### Instructions for the task
Reproduce the listing word for word, leaving every picture behind.

[[ Data block, beginning ]]

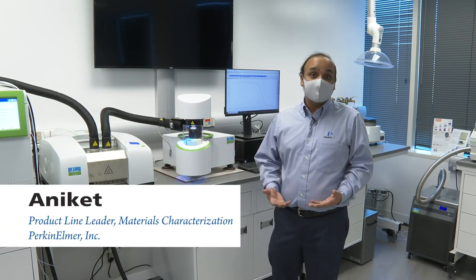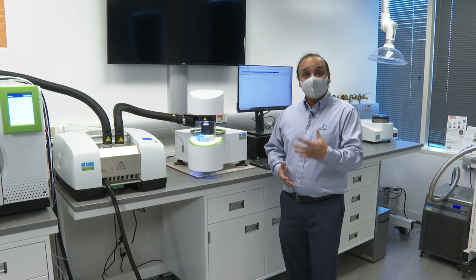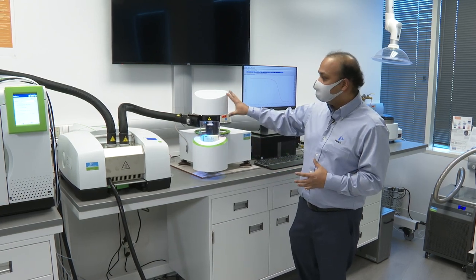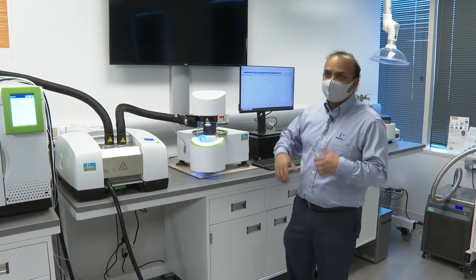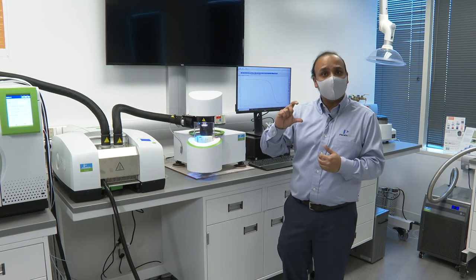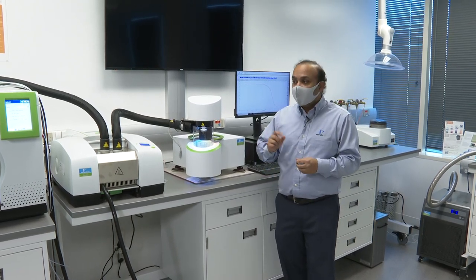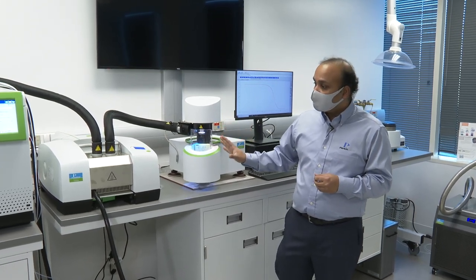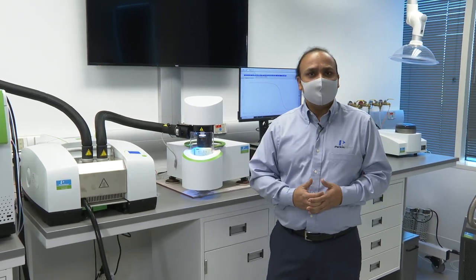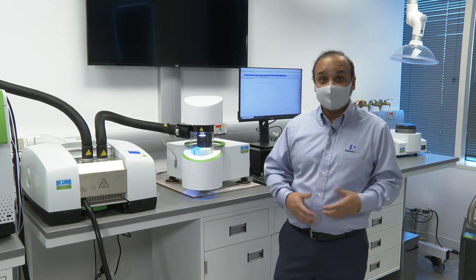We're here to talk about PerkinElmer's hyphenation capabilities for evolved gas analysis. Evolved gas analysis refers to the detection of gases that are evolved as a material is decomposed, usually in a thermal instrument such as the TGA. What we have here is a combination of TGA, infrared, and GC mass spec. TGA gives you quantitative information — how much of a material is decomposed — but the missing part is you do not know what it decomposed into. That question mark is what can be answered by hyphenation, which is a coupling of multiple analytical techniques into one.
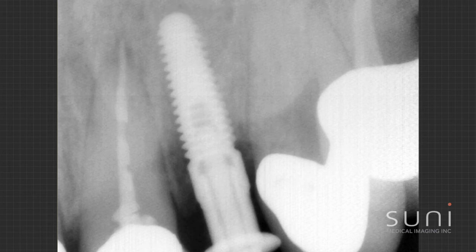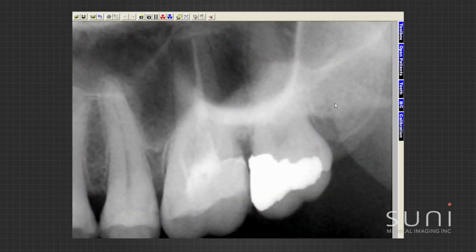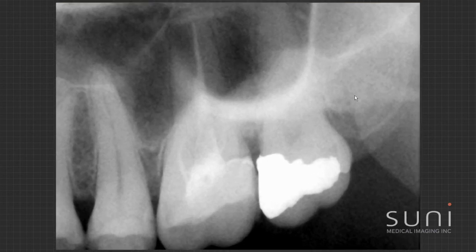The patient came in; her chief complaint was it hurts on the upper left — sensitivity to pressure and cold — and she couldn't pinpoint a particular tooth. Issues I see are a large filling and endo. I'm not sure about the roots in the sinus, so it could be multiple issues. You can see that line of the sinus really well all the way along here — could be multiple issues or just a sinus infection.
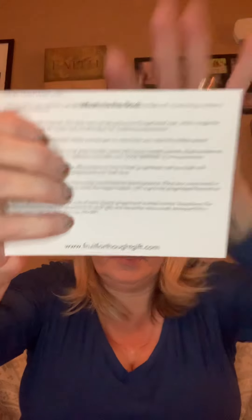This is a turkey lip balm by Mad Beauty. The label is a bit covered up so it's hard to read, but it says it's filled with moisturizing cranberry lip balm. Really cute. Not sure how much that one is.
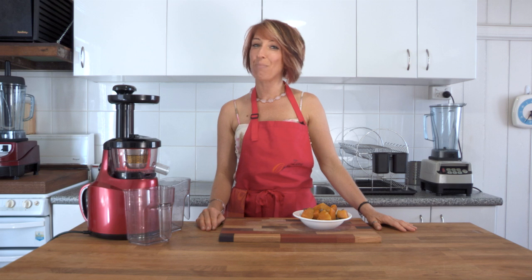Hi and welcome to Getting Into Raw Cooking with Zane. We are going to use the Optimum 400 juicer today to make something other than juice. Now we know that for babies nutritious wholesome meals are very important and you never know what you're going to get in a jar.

[[ Data block, end ]]

### Written response
We're here to talk about PerkinElmer's hyphenation capabilities for evolved gas analysis. Evolved gas analysis refers to the detection of gases that are evolved as a material is decomposed, usually in a thermal instrument such as the TGA. What we have here is a combination of TGA, infrared, and GC mass spec. TGA gives you quantitative information — how much of a material is decomposed — but the missing part is you do not know what it decomposed into. That question mark is what can be answered by hyphenation, which is a coupling of multiple analytical techniques into one.
The patient came in; her chief complaint was it hurts on the upper left — sensitivity to pressure and cold — and she couldn't pinpoint a particular tooth. Issues I see are a large filling and endo. I'm not sure about the roots in the sinus, so it could be multiple issues. You can see that line of the sinus really well all the way along here — could be multiple issues or just a sinus infection.
This is a turkey lip balm by Mad Beauty. The label is a bit covered up so it's hard to read, but it says it's filled with moisturizing cranberry lip balm. Really cute. Not sure how much that one is.
Hi and welcome to Getting Into Raw Cooking with Zane. We are going to use the Optimum 400 juicer today to make something other than juice. Now we know that for babies nutritious wholesome meals are very important and you never know what you're going to get in a jar.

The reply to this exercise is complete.